> _WHAT THE TASK ASKS_: Output the entries that follow character for character. Leave every image out.

*** Opening of RECORDS FOR THE EXERCISE ***

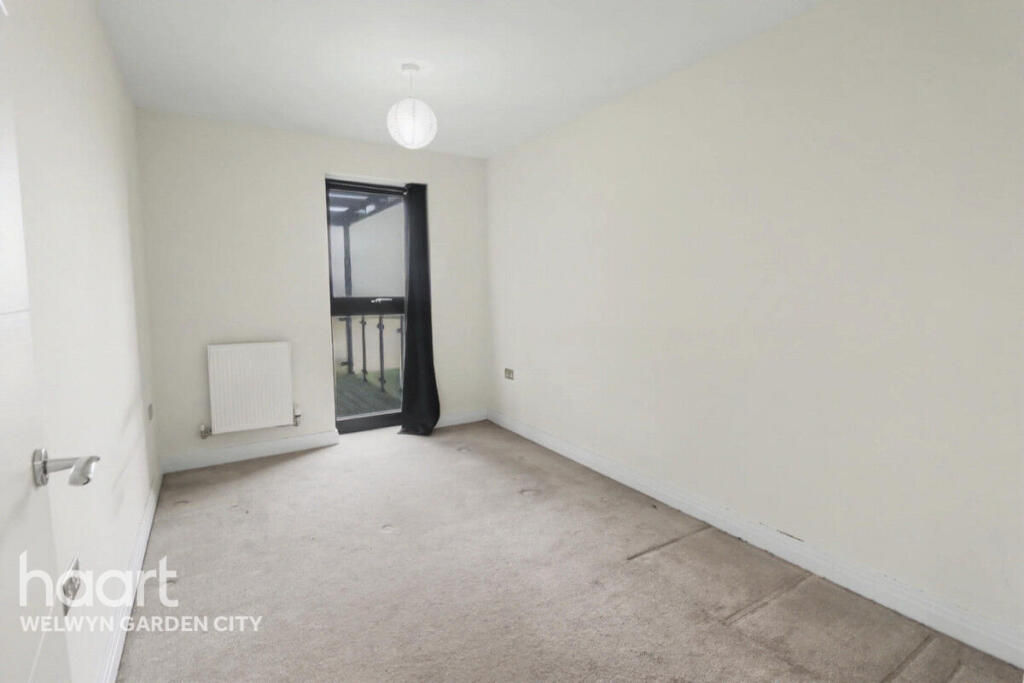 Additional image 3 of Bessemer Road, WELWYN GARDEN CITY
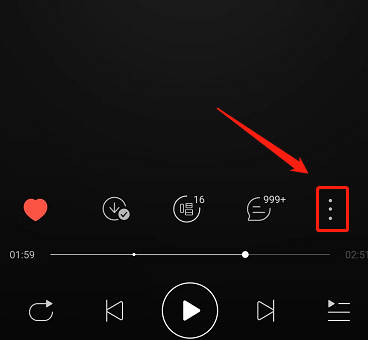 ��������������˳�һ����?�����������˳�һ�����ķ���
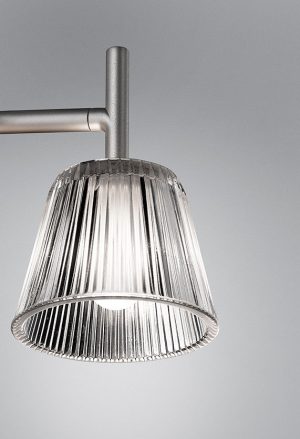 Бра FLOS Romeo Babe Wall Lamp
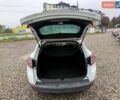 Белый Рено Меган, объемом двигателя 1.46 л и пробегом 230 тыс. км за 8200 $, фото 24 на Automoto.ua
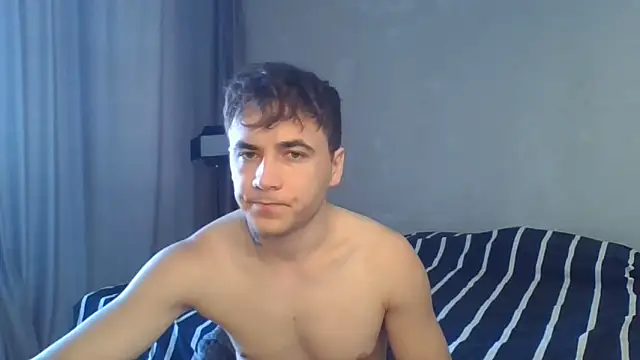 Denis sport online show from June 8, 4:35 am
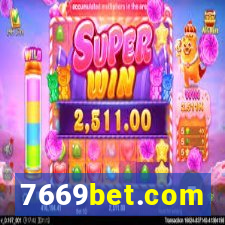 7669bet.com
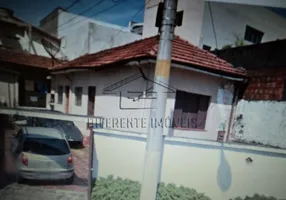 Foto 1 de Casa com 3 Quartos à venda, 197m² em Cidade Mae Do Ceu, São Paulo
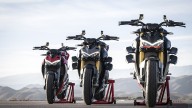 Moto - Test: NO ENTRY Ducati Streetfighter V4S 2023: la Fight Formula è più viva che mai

*** Close of RECORDS FOR THE EXERCISE ***

> _EXERCISE RESPONSE_:
 Additional image 3 of Bessemer Road, WELWYN GARDEN CITY
 ��������������˳�һ����?�����������˳�һ�����ķ���
 Бра FLOS Romeo Babe Wall Lamp
 Белый Рено Меган, объемом двигателя 1.46 л и пробегом 230 тыс. км за 8200 $, фото 24 на Automoto.ua
 Denis sport online show from June 8, 4:35 am
 7669bet.com
 Foto 1 de Casa com 3 Quartos à venda, 197m² em Cidade Mae Do Ceu, São Paulo
 Moto - Test: NO ENTRY Ducati Streetfighter V4S 2023: la Fight Formula è più viva che mai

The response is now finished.